Mitas Enduro Trail XT+ Dakar Offroad-Reifen für Mischtouren mit Reiseenduros
Mitas Enduro Trail XT+ Dakar Reifen geben durch die tiefen Stollen sofort zu verstehen, für welchen Einsatzzweck sie gedacht sind. Dennoch handelt es sich dabei auch um explizite Reiseenduro-Reifen, die durchaus für den gemischten Einsatz gedacht sind. Wir hatten mit dem Vorgänger des Reifen, dem Mitas E-09, schon auf der Seeker Raid Rallye in Bosnien das Vergnügen und so hatte ich prinzipiell recht viel Vertrauen in die Tauglichkeit des Reifens. Mir war aber auch bewusst, dass diese Reise die Reifen mehr ans Limit bringen könnte, als es damals in Bosnien je möglich gewesen wäre. Wenn du mehr Eindrücke zu diesem potenten 20/80-Reifen erfahren möchtest, findest du alle Details im Mitas Enduro Trail XT+ Dakar Testbericht.

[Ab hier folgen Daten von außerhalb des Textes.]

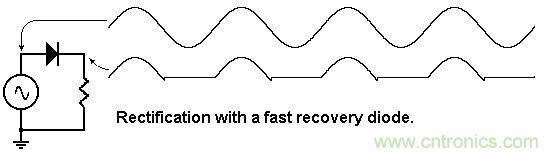 你會巧妙利用二極管中的“存儲電荷”嗎？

Triumph Tiger 900 Rally Pro im leichten Gelände - Schotterstrassen Test
Die unbefestigten Wege beginnen direkt hinter der Grenze, unsere Enduristen-Herzen blühen auf und endlich können wir es etwas stauben lassen. Wobei es nach wochenlangen Regenfällen nicht wirklich staubt, aber das stört uns nicht gross. Wir bewegen uns entlang der österreichisch-slowenischen Grenze und dann südlich durch den dünn besiedelten Osten Sloweniens. Die Landschaft besteht grossteils aus waldigen Hügeln und Mittelgebirge, die von zahlreichen Schotterstrassen und Forstwegen durchzogen werden. Auf diesen breiteren Wegen fliessen die Kilometer nur so dahin, auch weil die Tiger mit ihrer angenehmen, touristischen Stehposition die Fahrt im Stand einfach macht. Gleichzeitig bleibt durch die schmale Taille, den gut geformten Tank und den breiten Lenker genug Platz und Raum im Sattel der Tiger, um auch etwas aktiver zu werden.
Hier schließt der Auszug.